Trigger Warning: If you have ever struggled with an eating disorder or self-harm, you will find reflections of both in this work and a tale of triumph in the pursuit of self-love.
The Why
This work is housed in the browsing collection and it was likely the pink and white cover that caught my eye, and the title (“My Lesbian Experience with Loneliness”) certainly stopped me: it was so honest about a central part of its subject matter: lesbianism, a minority and oft-stigmatized sexuality. The frank boldness of the title drew me in.
As I looked it over, I couldn’t tell where I was supposed to start reading because unlike Western books, the “front cover” rested in my right hand. And when I read the dialog boxes in the panels, left-to-right, I did that wrong, too. Given the narrative is born of a Japanese tradition, the flow of pages and the speech bubbles go from right-to-left. (I’ve seen this with Arabic but not with a translated work.) With a title such as this one and a format of graphic narratives that I already love, I was won over.
While I found “profound” and/or “compelling” moments to be rare, “vulnerable” moments were common. As of December 2017, 87 out of 87 people gave this work five stars on amazon.com. It was also there that I found out the work has a sequel, “My Solo Exchange Diary.”
I will commend the work for treating lesbianism without affect. That is, the narrative drew very little attention to the fact that a woman might and/or want to sexually engage with another. Her experimentation was not an “anomaly” or especially “remarkable.” In passing, it did address the idea that the sex the author had been most exposed to was either between a man and a woman or two men. In other words, it suggests that internationally, lesbianism has little visibility. And moreover, sex education is neither holistic (acknowledging a multiplicity of sexualities) or required worldwide. I liked that this tale was not about “coming out” and, in that respect, it made for a progressive gesture at normalizing same-sex sex.
Lastly, the drawing throughout is certainly effective but not especially impressive.

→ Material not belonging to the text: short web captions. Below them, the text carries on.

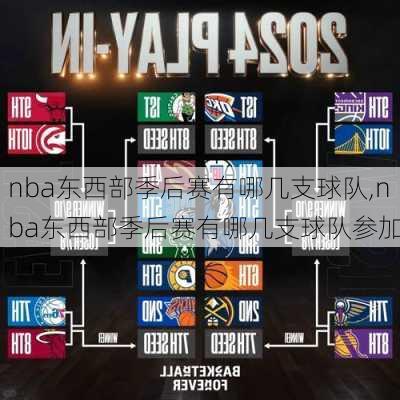 nba东西部季后赛有哪几支球队,nba东西部季后赛有哪几支球队参加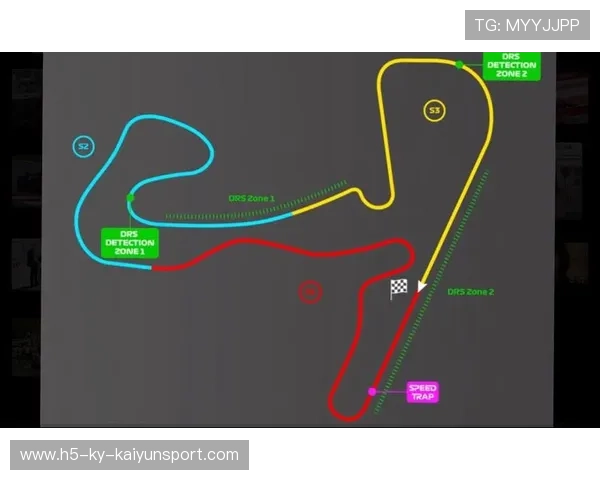 荷兰站：赛道设计与战术变化解读，荷兰站点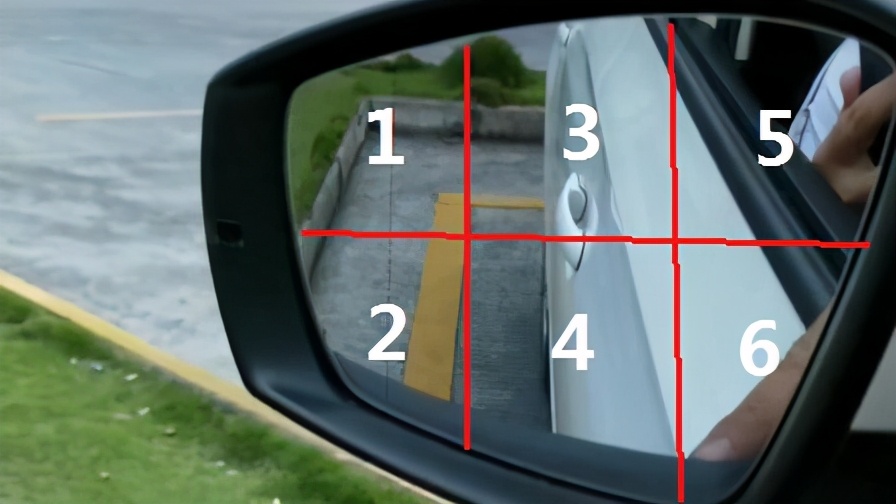 科目二后视镜调整正确位置图解,科目二怎么调后视镜最佳位置口诀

I like how manga, in print and/or on-screen, has special ways of conveying urgency and extremes.
However, the strength of this work is more the story than the visuals. For another work with a similar feel, I’d recommend “Bridget Jones’ Diary” (book and DVD) as it also treats the sexcapades of a woman who often feels like a failure. And for a similar format (graphic novel) and style (memoir) that treats sexuality outside of heterosexuality, see Alison Bechdel’s “Fun Home.” Oh! And if you read Portuguese and want to read a professional sex worker’s take on the business, grab Bruna Surfstinha’s “O doce veneno do escorpião.” (You can order the translation through interlibrary loan: go.middlebury.edu/ill/.) Also, “Paying For It,” by Chester Brown, recounts a man’s tale as he attempts to attain sex from a completely transactional approach.